<<<<

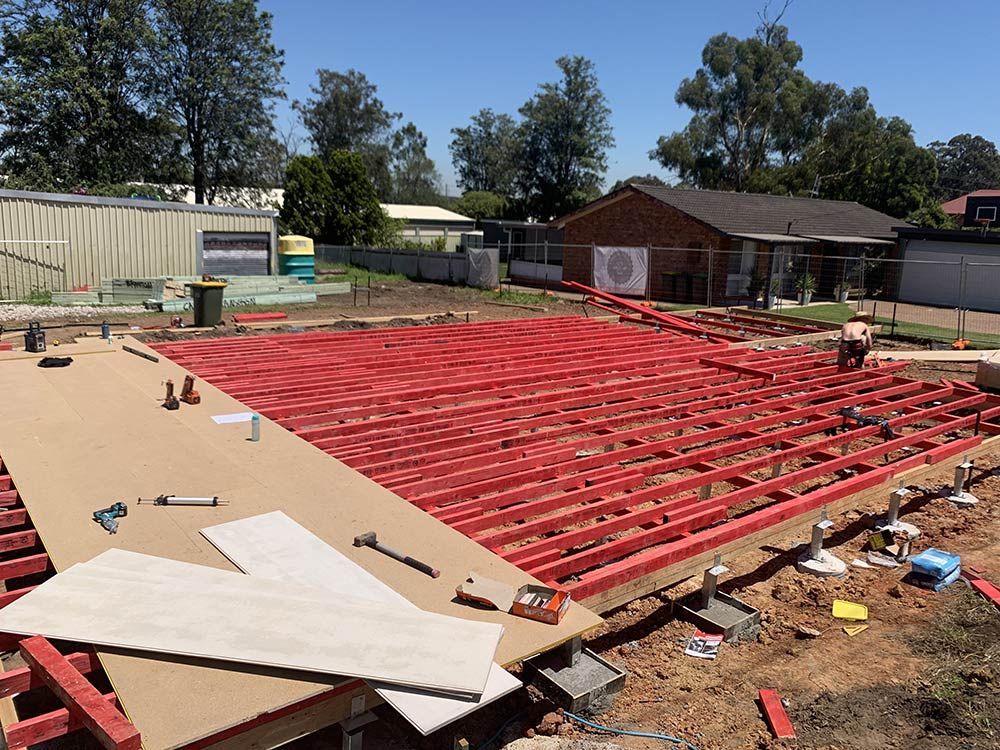 A Large Wooden Deck Platform Is Being Built In A Yard — Entire Trades in Port Stephens, NSW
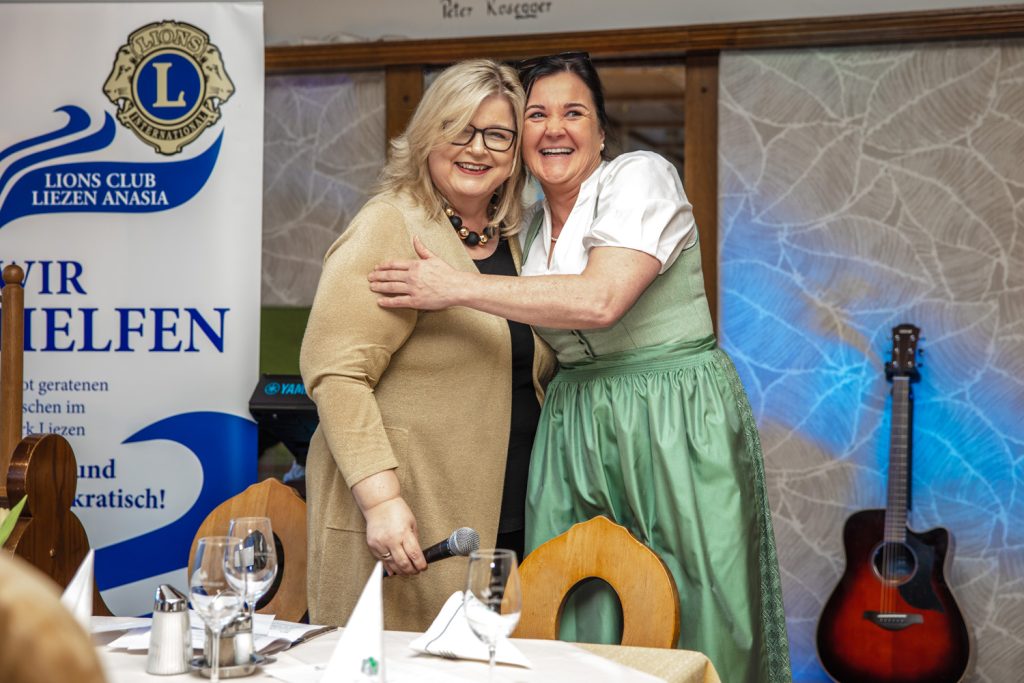 Zwei Frauen umarmen sich lachend bei einer Veranstaltung des Lions Club Liezen Anasia. Eine Frau hält ein Mikrofon in der Hand, die andere trägt ein hellgrünes Dirndl. Im Hintergrund stehen ein Banner des Lions Clubs und eine Gitarre, im Vordergrund sind gedeckte Tische mit Gläsern und Servietten zu sehen.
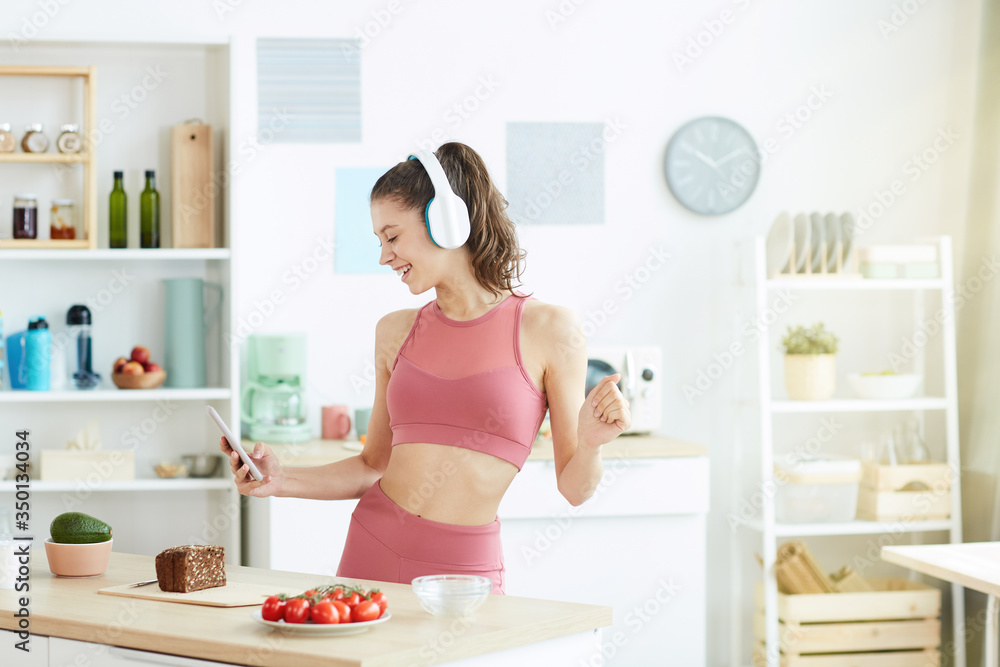 Waist up portrait of smiling young woman dancing in kitchen and listening to music while preparing fitness lunch, copy space Waist up portrait of smiling young woman dancing in kitchen and listening to music while preparing fitness lunch, copy space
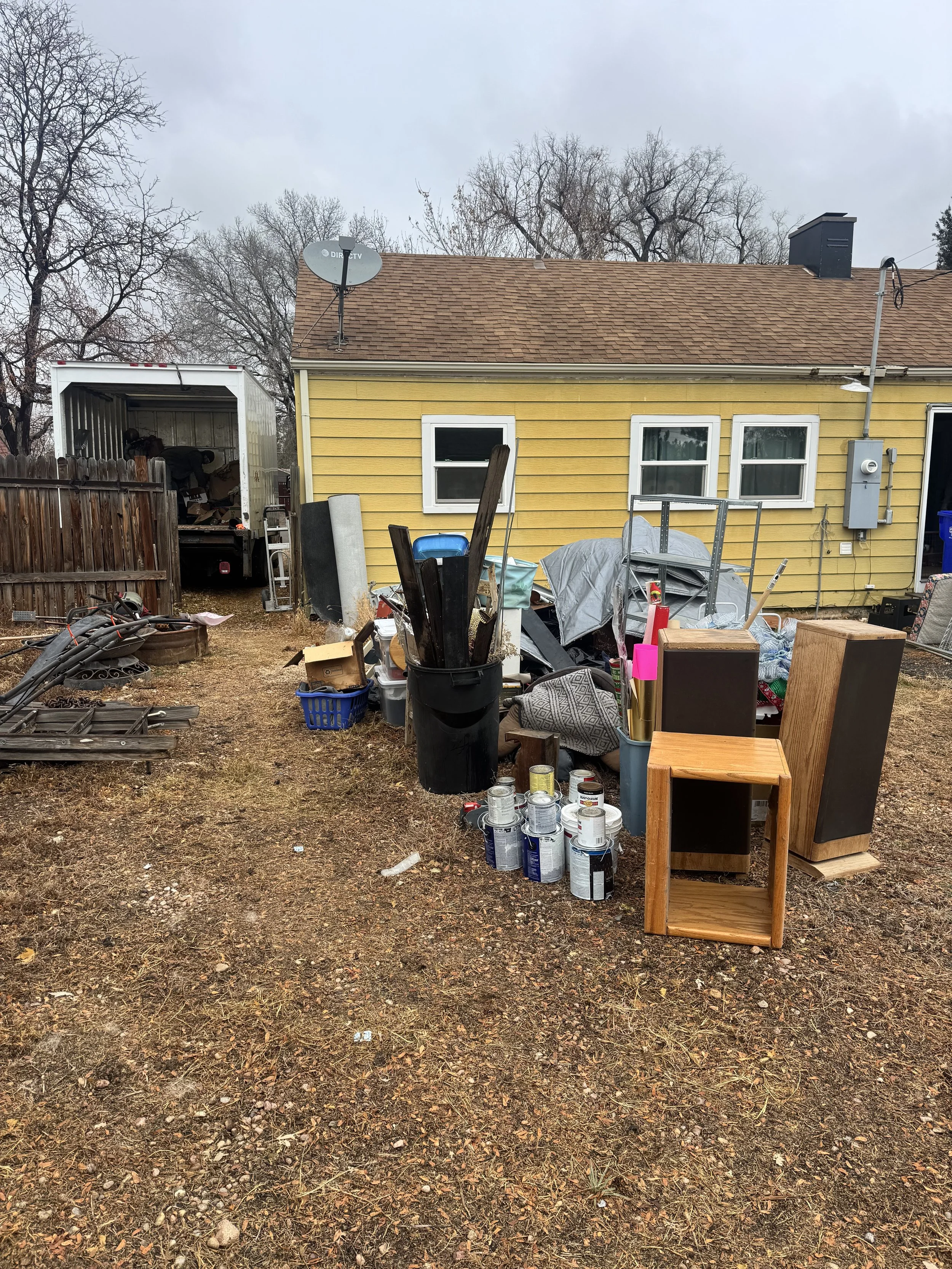 Property in Greeley Colorado before cleanout showing accumulated items and debris prior to professional removal service.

>>>>

→ **WORK ORDER**
Exactly as written, restate the lines above from the opening line through the one holding "copy space Waist", omitting the pictures.

→ **REPLY**
 A Large Wooden Deck Platform Is Being Built In A Yard — Entire Trades in Port Stephens, NSW
 Zwei Frauen umarmen sich lachend bei einer Veranstaltung des Lions Club Liezen Anasia. Eine Frau hält ein Mikrofon in der Hand, die andere trägt ein hellgrünes Dirndl. Im Hintergrund stehen ein Banner des Lions Clubs und eine Gitarre, im Vordergrund sind gedeckte Tische mit Gläsern und Servietten zu sehen.
 Waist up portrait of smiling young woman dancing in kitchen and listening to music while preparing fitness lunch, copy space Waist up portrait of smiling young woman dancing in kitchen and listening to music while preparing fitness lunch, copy space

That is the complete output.